The answer is a surprising one: Maybe not.

For years, the ski industry has been encouraging skiers and snowboarders to wear helmets.

Statistics from the 2007/2008 season released by the National Ski Areas Association found 43 percent of skiers and snowboarders wear helmets and that helmet use increases by 4-5 percent each year.

But despite the significant increase in helmet use over the past several seasons, the fatality rate in skiing and snowboarding has remained constant.

“Helmets are not going to prevent you from having a fatality,” Dave Byrd, director of education and risk for the National Ski Areas Association told FOXNews.com.

“What they are going to prevent is the lower-end scale of injuries, such as lacerations to the scalp or mild concussions.”

Byrd said the NSAA strongly encourages all skiers and snowboarders to wear helmets — but he stressed that the behavior of people on the mountain is just as important.

“Wear a helmet — but ski as if you’re not wearing one,” he said. “Sometimes people put on a helmet and feel like it’s a cloak of invincibility — but that’s not the case.”

The problem is that most helmets are designed to prevent injuries up to only 14 miles per hour. That’s not going to be real helpful, Byrd said, when, on average, a typical skier on an intermediate trail is moving at 25 to 40 miles per hour.

“And so we strongly encourage everyone to follow the responsibility code, which is a seven-point code that has been around for 30 years, about being responsible while skiing.”

Dr. Arno Fried, chairman of neurosurgery at Hackensack University Medical Center in New Jersey, said it’s important to be cautious because skiing presents the perfect scenario for a serious head injury.

“The head is moving quickly, and when it comes to an abrupt stop when you fall or hit something, this can cause traumatic brain injury.”

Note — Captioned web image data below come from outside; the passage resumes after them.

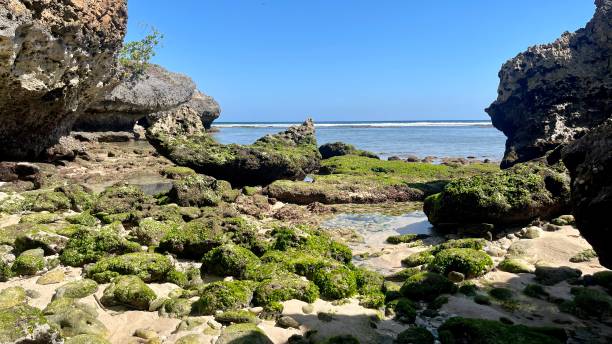 istock Tropical beach at Bali Indonesia 1694158838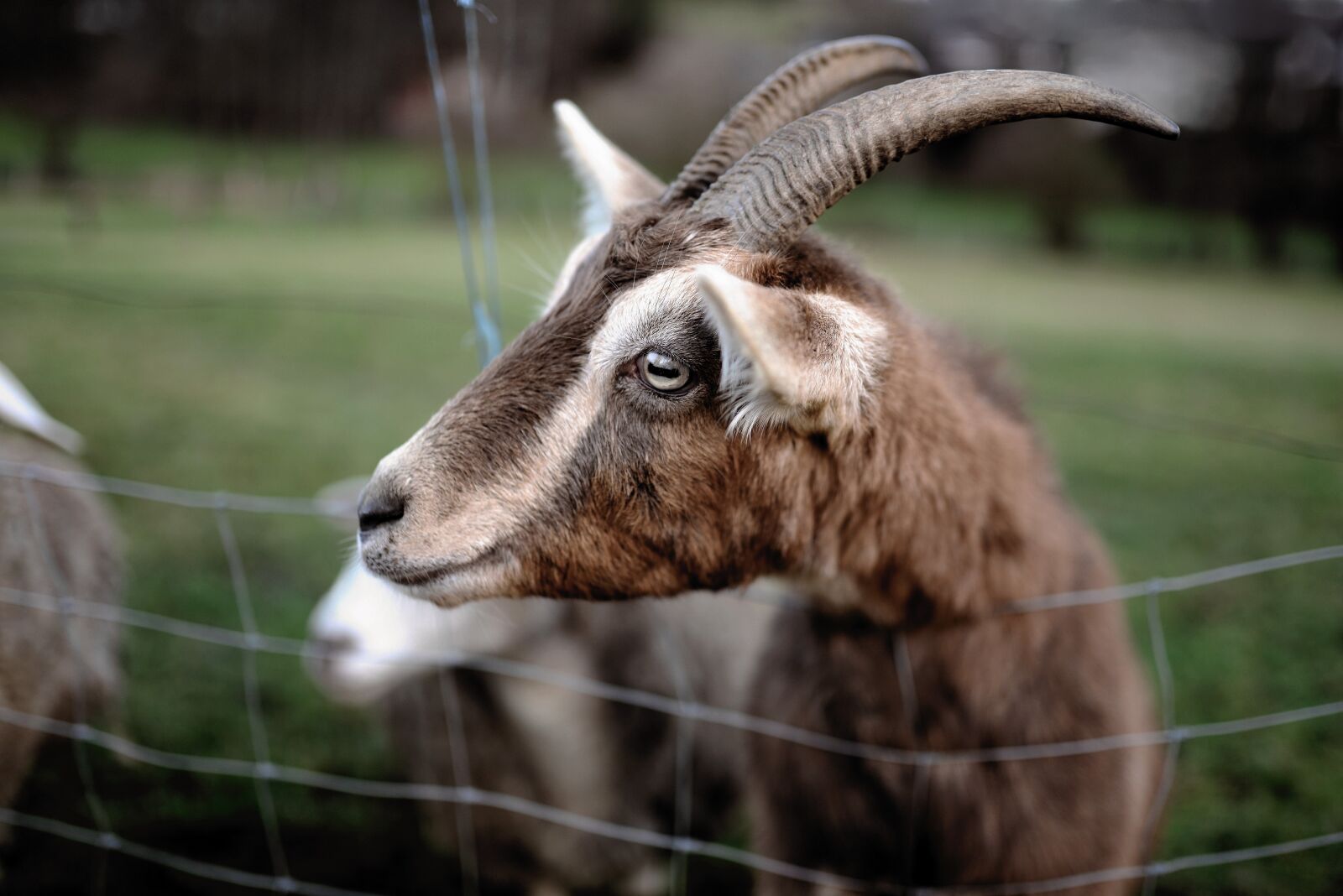 Nikon D610 sample photo. Goat, billy goat, animal photography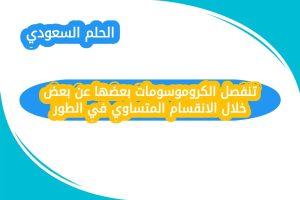 تنفصل الكروموسومات بعضها عن بعض خلال الانقسام المتساوي في الطور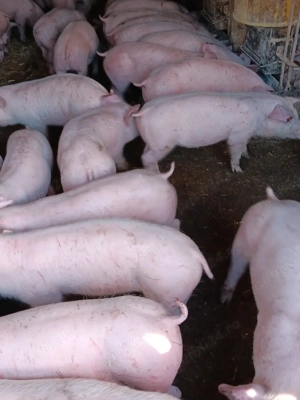 Purcei De Rasă 25 30 35 kg 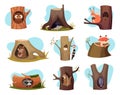 Hollow trees. Cozy houses for wild forest animals exact vector characters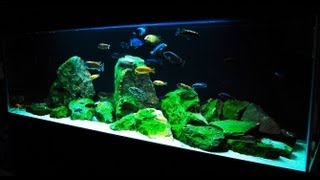 How to Set up an African Cichlid Tank  Step by Step Guide [upl. by Llerrud]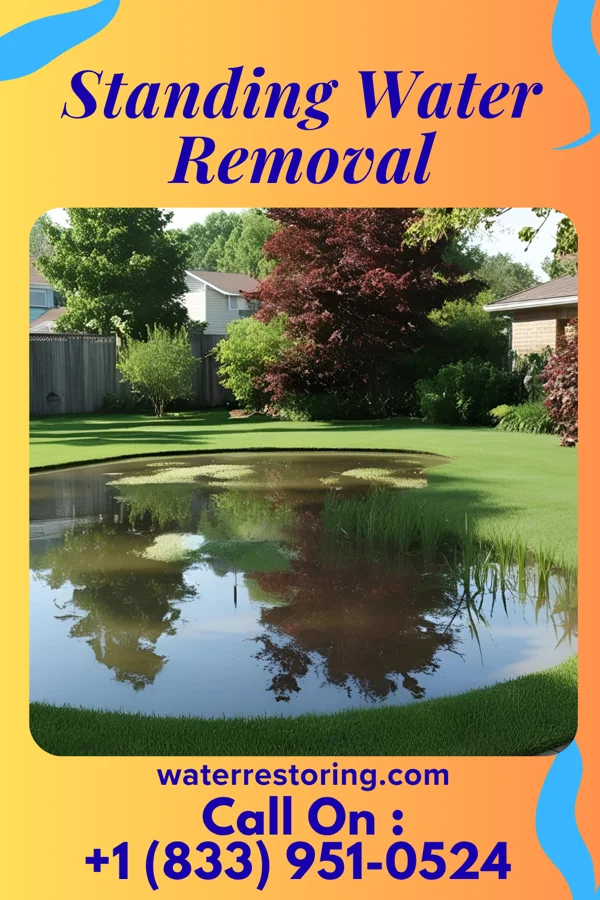 Standing Water Removal in Clay City, KY
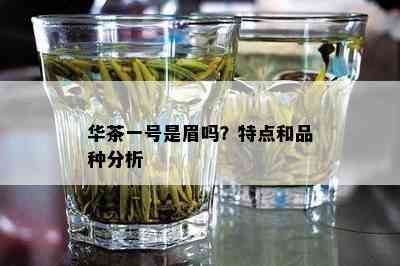 华茶一号是眉吗？特点和品种分析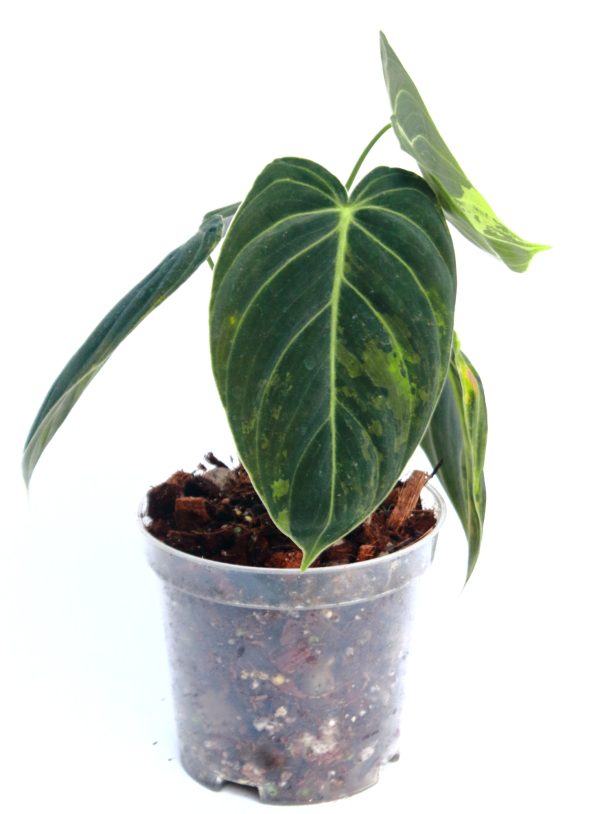 Philodendro Melanochrysum Variegado - Imagen 2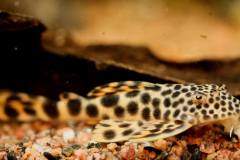 L75-Ancistomus-sabaji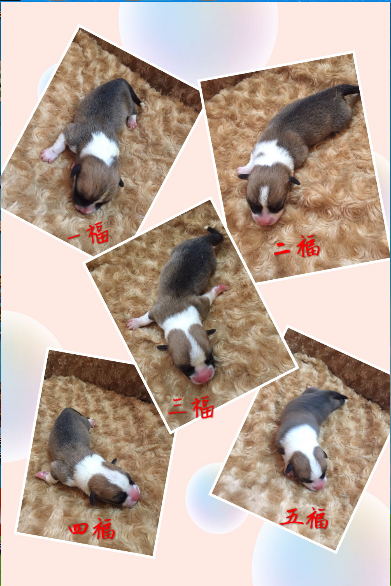 QQ截图20170909112826.png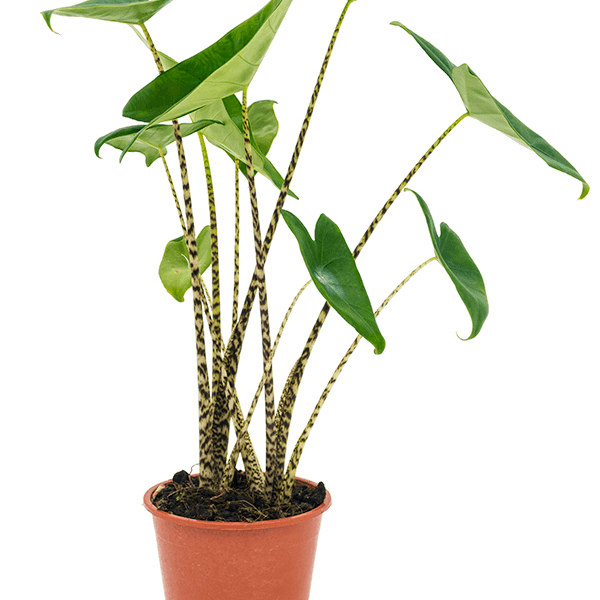 Alocasia zebrina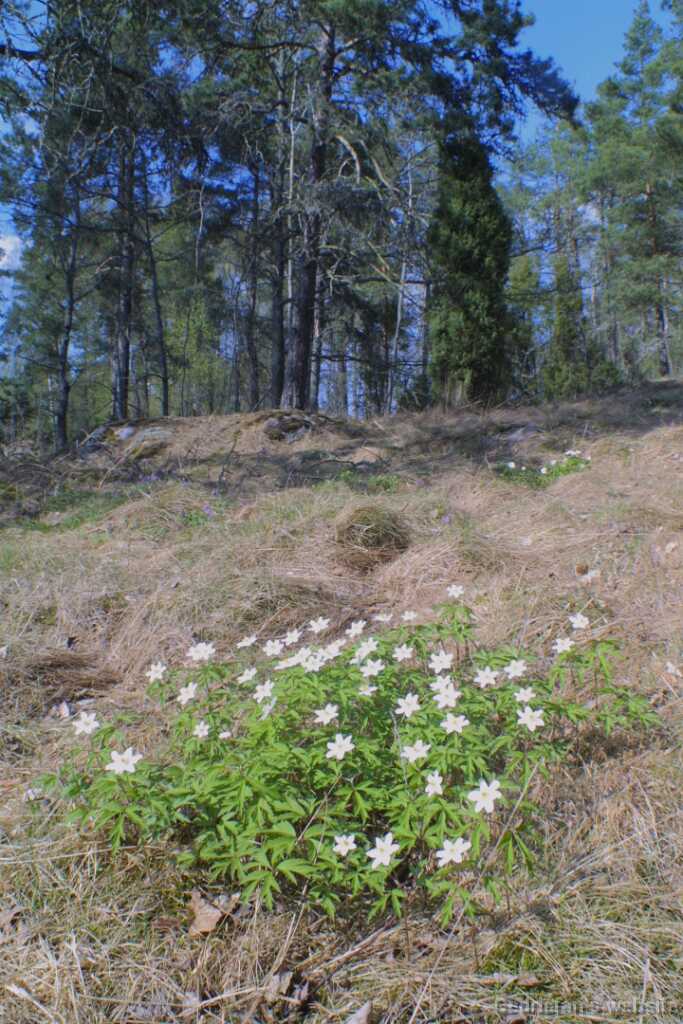24firstflowers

“In general, injuries can run the full gamut: from a concussion, which a person can recover from in a few hours, to a severe injury/hemorrhage in the brain, which can take weeks or months to recover from — sometimes requiring surgery, sometimes not.”

Fried said the bottom line: Children and adults should wear helmets.

In 1999, the U.S. Consumer Product Safety Commission issued a report recommending all skiers and snowboarders wear helmets to help prevent head injuries from falls and collisions.

That recommendation was made following the highly publicized deaths of Sonny Bono and Michael Kennedy in 1998. Kennedy, the son of Robert F. Kennedy, was killed during a ski accident in Aspen, Colo. A few days later, Bono suffered fatal injuries while skiing in Lake Tahoe.

Still, Byrd said skiing remains a remarkably safe sport.

“On average, there have been 39 fatalities per year over the last decade,” he said. “And that shows that skiing is just as safe – or safer – compared with the fatalities that result from swimming or bicycling.”